Whenever Meltano runs a new transformation, transform/dbt_project.yml is updated using the values provided in meltano.yml.

Running a Transform in Meltano #

The two main ways to run your dbt transforms using Meltano are by calling them inline with your ELT pipeline using --transform run or decoupled from your pipeline using invoke dbt:run.

Transform in your ELT pipeline #

When melatno elt runs with the --transform run option, Meltano uses the convention that the transform has the same namespace as the extractor in its pipeline, except with snake_case (tap-gitlab -> tap_gitlab). As an example, assume that the following command runs:

meltano elt <tap> <target> --transform run

# For example:
meltano elt tap-gitlab target-postgres --transform run

After the Extract and Load steps are successfully completed meaning data has been extracted from the GitLab API and loaded to a Postgres DB, the dbt transform in the /transform/models/tap_gitlab/ directory is run.

Under the hood this --transform run option is telling Meltano to run multiple dbt commands. First it installs any required dbt package dependencies using dbt deps then it runs your models using dbt run --models <models>. The <models> argument is populated using the Meltano transform models setting documented here.

Using this method for executing transforms allows Meltano to make some assumptions about the appropriate configurations for running dbt. Based on the target loader you are using, Meltano is able to default your dbt transform target config setting to the correct SQL dialect (e.g. Snowflake, Postgres, etc.). Meltano also auto populates the source_schema and target_schema settings using the loader schema setting from the pipeline.

Transform directly #

Just like other Meltano plugins, dbt transforms can be executed directly using invoke. Using this method decouples dbt transformations from ELT pipelines which could be preferred for certain users depending on their dbt project.

Users might choose this approach if they want to replicate data from many sources before running a set of dbt models that blend all of them together or maybe multiple models reference the same source data but are refreshed on different cadences (i.e. one is updated right when data arrives while another is only refreshed once a week).

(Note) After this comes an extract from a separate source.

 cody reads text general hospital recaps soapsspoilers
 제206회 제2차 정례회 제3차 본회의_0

For example, to run the same transforms as the tap-gitlab --transform=run example above, the following command can be run:

meltano invoke dbt:<command>

# For example:
meltano invoke dbt:run --models tap_gitlab.*

Again, this runs all dbt models in the /transform/models/tap_gitlab/ directory.

The downside of running directly vs in a pipeline is that Meltano can’t infer anything about how dbt should run so more settings might need to be explictly set by the user. This includes target dialet DBT_TARGET, source schema DBT_SOURCE_SCHEMA, target schema DBT_TARGET_SCHEMA, and models DBT_MODELS.

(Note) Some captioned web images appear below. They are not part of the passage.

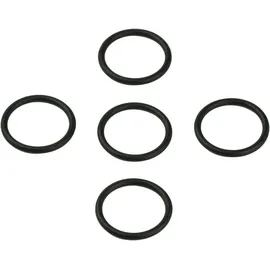 Buderus O-Ring 24,2x3 (5x)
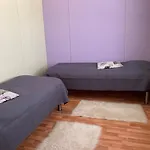 Daire Napapiirin Eraekartano *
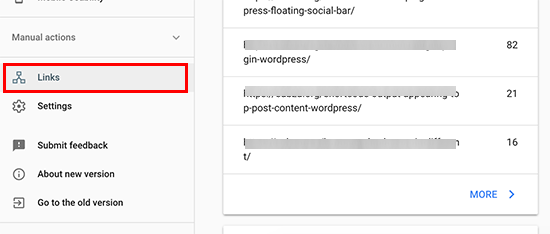 15 ترفند استفاده از Google Search Console برای افزایش ترافیک وبسایت 15 ترفند استفاده از Google Search Console برای افزایش ترافیک وبسایت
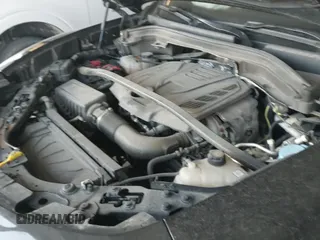 ✅ 2019 Alfa Romeo Stelvio Ti • VIN: ZASPAKBN3K7C71569 • Лот: 41556814. Опубликован ранее на IAAI с пробегом 87 279 миль. Бесплатный доступ к архиву аукционных продаж из США и подробный отчёт об истории автомобиля на DreamBid. Изображение 24.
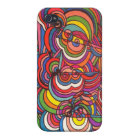 Cas de téléphone de "SORTIE" ! !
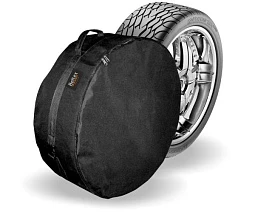 Чехол на запаску XXL (85см*27см) R16-R20  95500 - mahina.in.ua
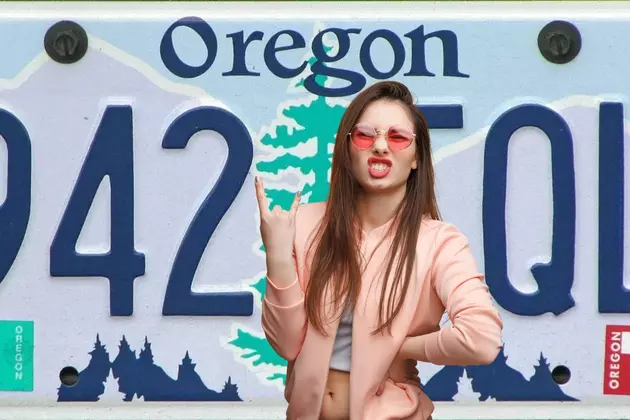 Oregon&#8217;s WTF Laws: 5 Things You Can&#8217;t Do (No, Seriously)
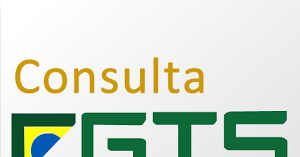 0800 CONSULTAR SALDO FGTS, SALDO FGTS POR TELEFONE - SAC 0800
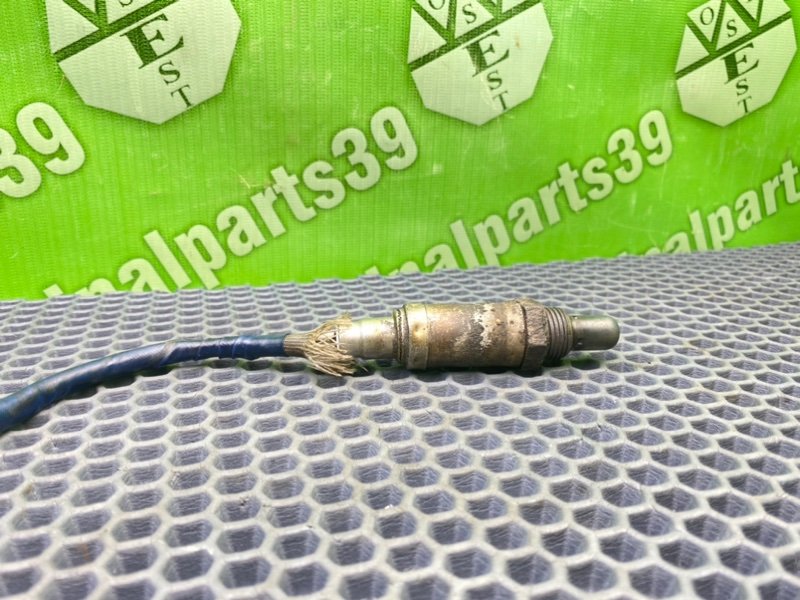 Лямбда зонд, 1000 рублей, Калининград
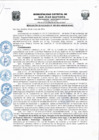 Vista preliminar de documento Resolucion183_2016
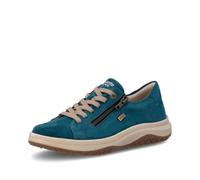 Remonte Sneaker da Donna D3Q00
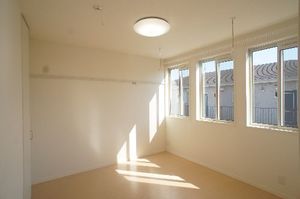 ディモア 202号-6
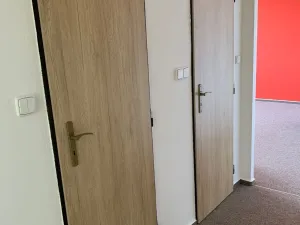 Pronájem bytu 2+1, Chuchelná, Komenského, 48 m2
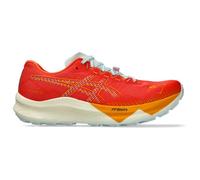 Asics Fujispeed 3 Trail Running Shoes
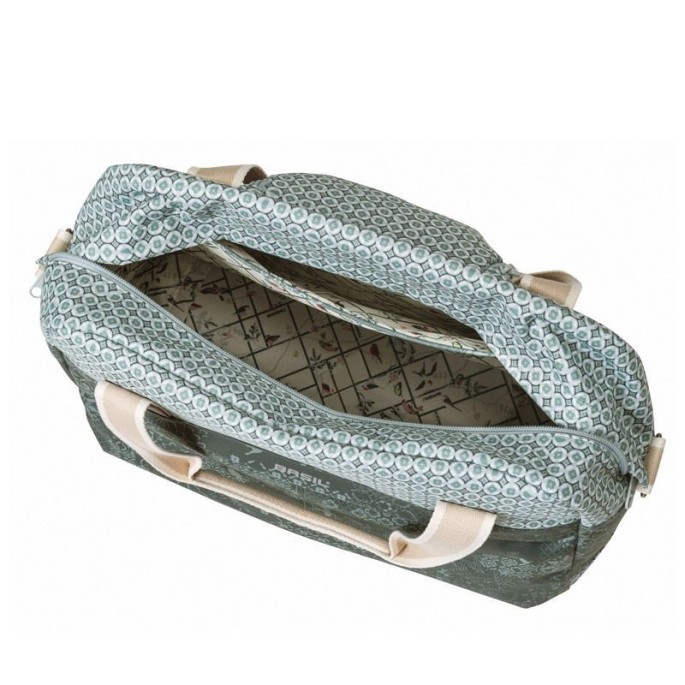 Sacoche Boheme Basil 18L - Velonline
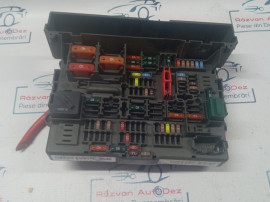 Modul Portiera Stanga Spate Audi A4 B8
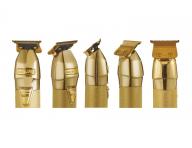 Profesionlny kontrovacie strojek BaByliss Pro Skeleton FX7870GE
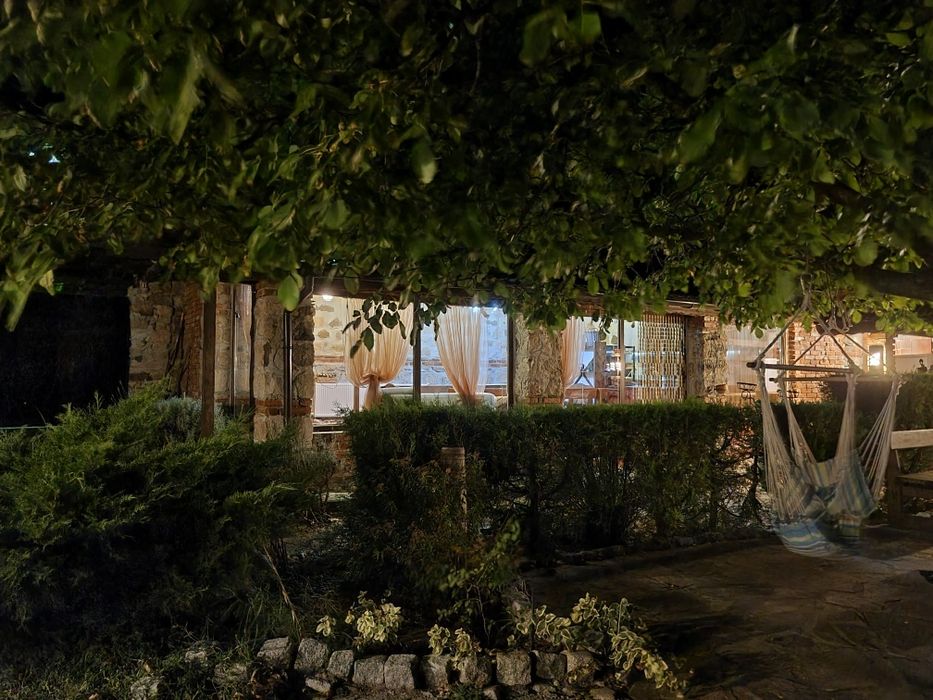 Продава се Къща в с. Ефрем, Област Хасково - 170 кв.м за 677 €/кв.м - Снимка #20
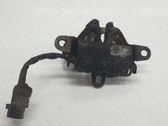 Pestillo/cierre del capó/tapa del motor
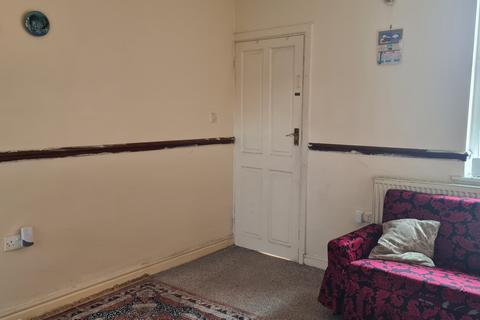 3 bedroom terraced house for sale - Hillfield Road, Sparkhill
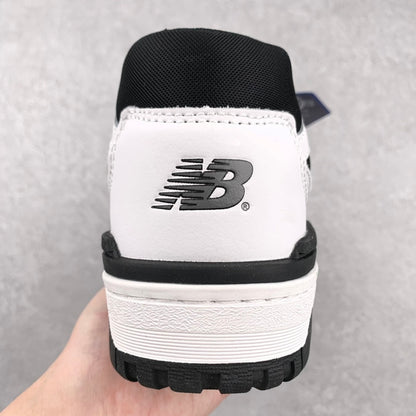 550 White and Gray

See the transformer docs from other dbt commands.

Adding a Transform to your Meltano Project #

Once the dbt transformer has been installed in your Meltano project you will see the /transform directory populated with dbt artifacts. If you chose to use the --transform run option in an ELT pipeline, its important to note that Meltano uses the convention that the transform has the same namespace as the extractor in its pipeline, except with snake_case (tap-gitlab -> tap_gitlab). For instance, all you need to do is start writing your dbt models in the appropriate /transform/models/<tap_name>/ directory.

See the dbt documentation for more details on writing models.

Another common option is to install your dbt project as a package from a separate git repository. See dbt package management. To do this you just add a /transform/packages.yml file to your project with your dbt project referenced. For instance your yaml file might look like this:

packages:
  - git: https://gitlab.com/your_repo/your-dbt-project.git
    revision: 1.0.0

If you plan to call dbt directly using invoke then you have to first run meltano invoke dbt:deps to install your package dependencies. Using the --transform=run option in your pipeline takes care of this step for you automatically.